_Task statement:_ Reproduce, exactly and only, the lines of the data that follows from the one containing "They sort of" down to the one containing "Let's see, what", without pictures.

_Input data:_
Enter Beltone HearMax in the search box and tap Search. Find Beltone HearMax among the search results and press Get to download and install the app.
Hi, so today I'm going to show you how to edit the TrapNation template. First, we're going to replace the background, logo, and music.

* * *

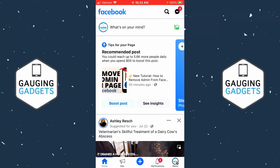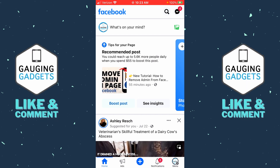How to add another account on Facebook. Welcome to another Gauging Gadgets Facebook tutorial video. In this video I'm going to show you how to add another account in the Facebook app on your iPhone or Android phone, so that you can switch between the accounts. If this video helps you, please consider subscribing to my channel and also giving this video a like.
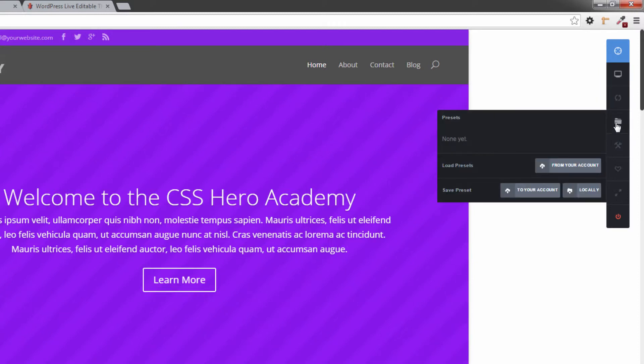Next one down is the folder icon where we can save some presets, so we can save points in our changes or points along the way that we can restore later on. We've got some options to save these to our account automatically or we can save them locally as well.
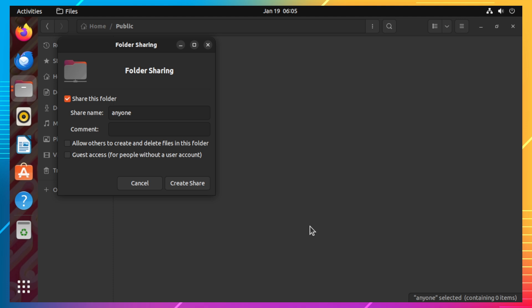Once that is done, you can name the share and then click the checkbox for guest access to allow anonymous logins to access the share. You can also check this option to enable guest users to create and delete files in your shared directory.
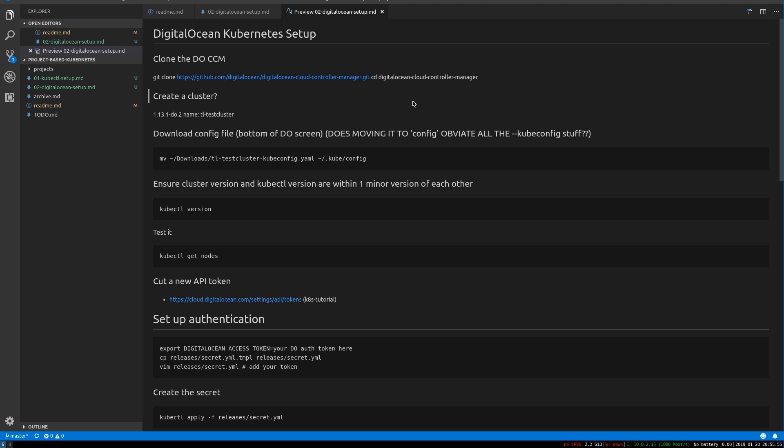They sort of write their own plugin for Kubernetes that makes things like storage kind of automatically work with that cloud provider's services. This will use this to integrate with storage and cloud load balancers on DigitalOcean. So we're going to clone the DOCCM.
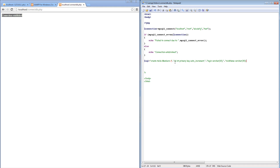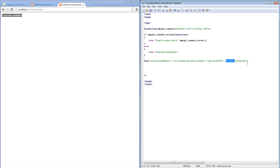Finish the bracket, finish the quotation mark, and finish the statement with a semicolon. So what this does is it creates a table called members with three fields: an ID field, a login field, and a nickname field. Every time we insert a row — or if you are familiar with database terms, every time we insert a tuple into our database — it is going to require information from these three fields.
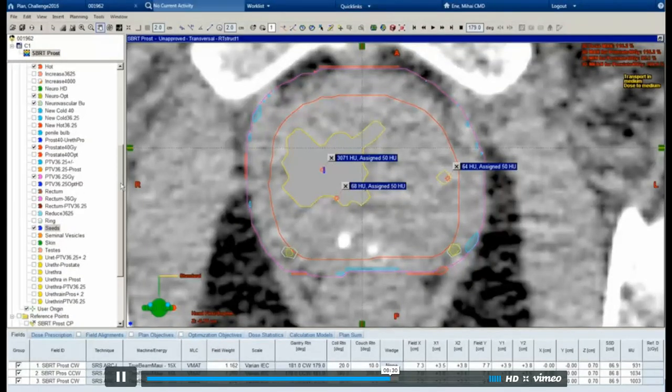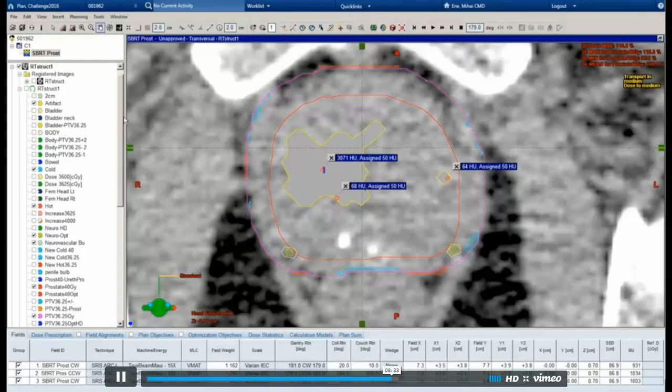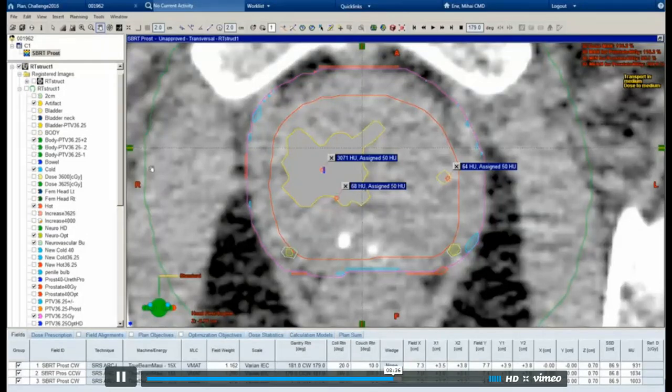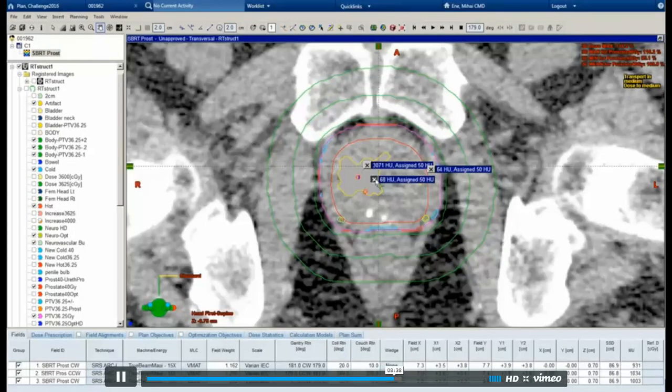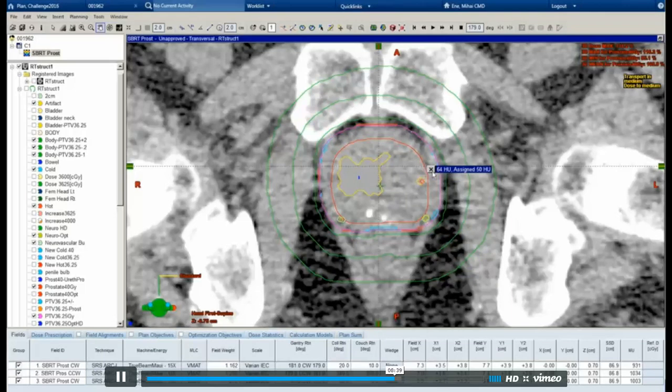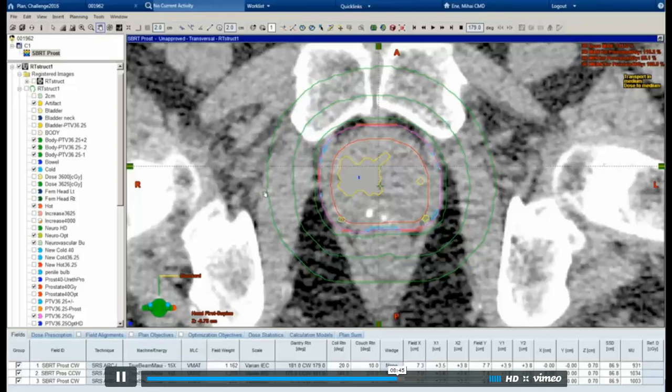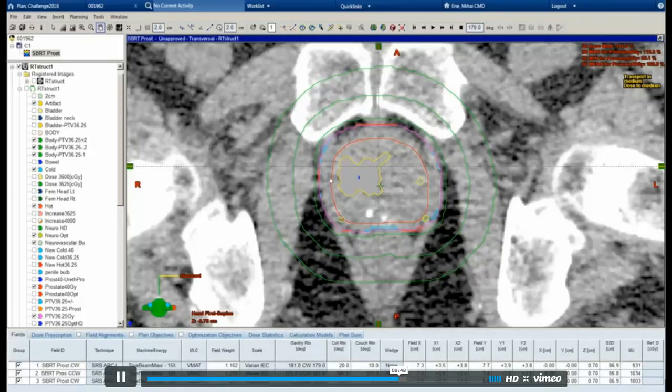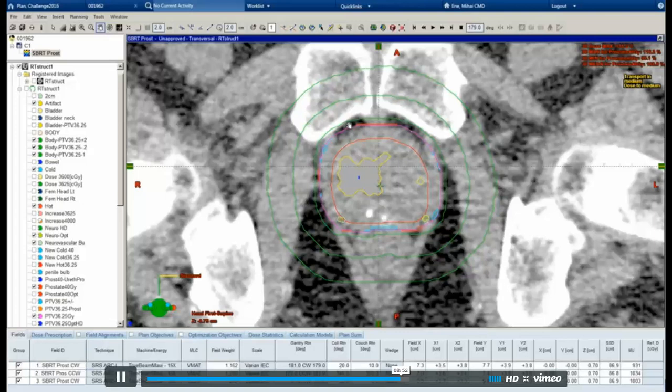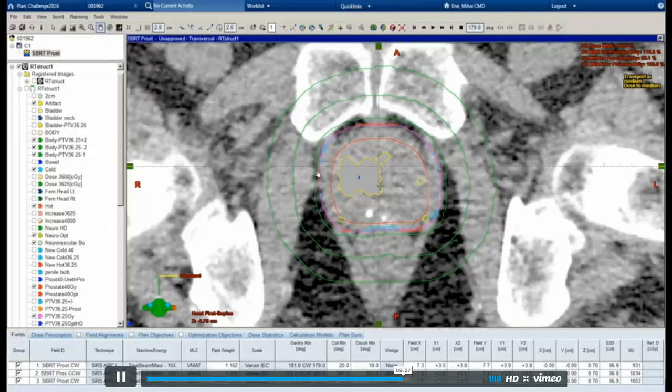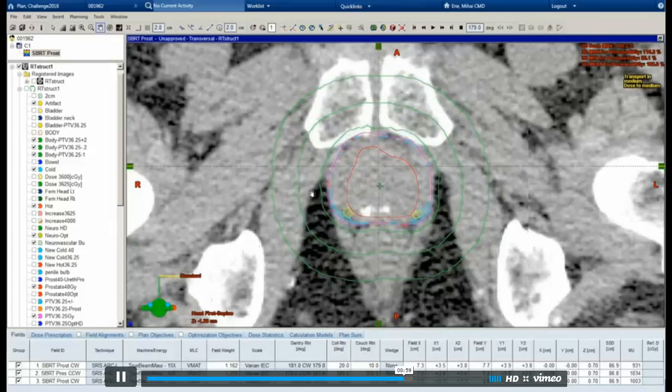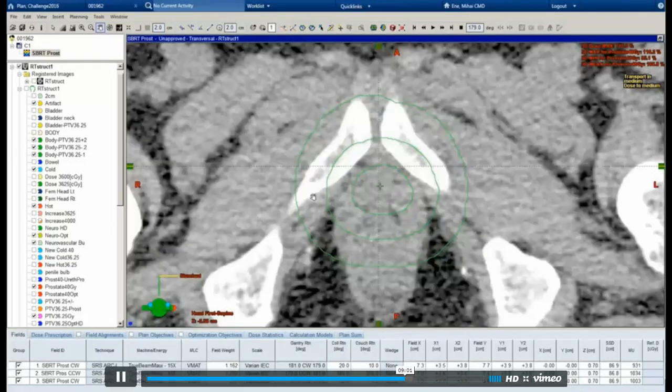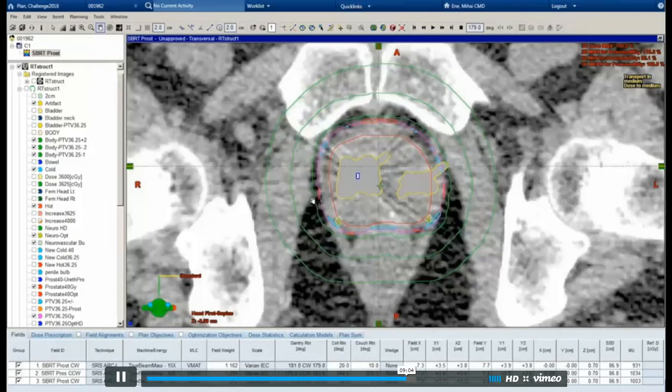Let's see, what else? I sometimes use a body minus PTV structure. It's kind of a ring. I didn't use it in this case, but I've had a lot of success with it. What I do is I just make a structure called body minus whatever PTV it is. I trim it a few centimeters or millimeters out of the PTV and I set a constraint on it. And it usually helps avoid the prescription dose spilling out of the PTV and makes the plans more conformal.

_Reply:_
They sort of write their own plugin for Kubernetes that makes things like storage kind of automatically work with that cloud provider's services. This will use this to integrate with storage and cloud load balancers on DigitalOcean. So we're going to clone the DOCCM.
Finish the bracket, finish the quotation mark, and finish the statement with a semicolon. So what this does is it creates a table called members with three fields: an ID field, a login field, and a nickname field. Every time we insert a row — or if you are familiar with database terms, every time we insert a tuple into our database — it is going to require information from these three fields.
Let's see, what else? I sometimes use a body minus PTV structure. It's kind of a ring. I didn't use it in this case, but I've had a lot of success with it. What I do is I just make a structure called body minus whatever PTV it is. I trim it a few centimeters or millimeters out of the PTV and I set a constraint on it. And it usually helps avoid the prescription dose spilling out of the PTV and makes the plans more conformal.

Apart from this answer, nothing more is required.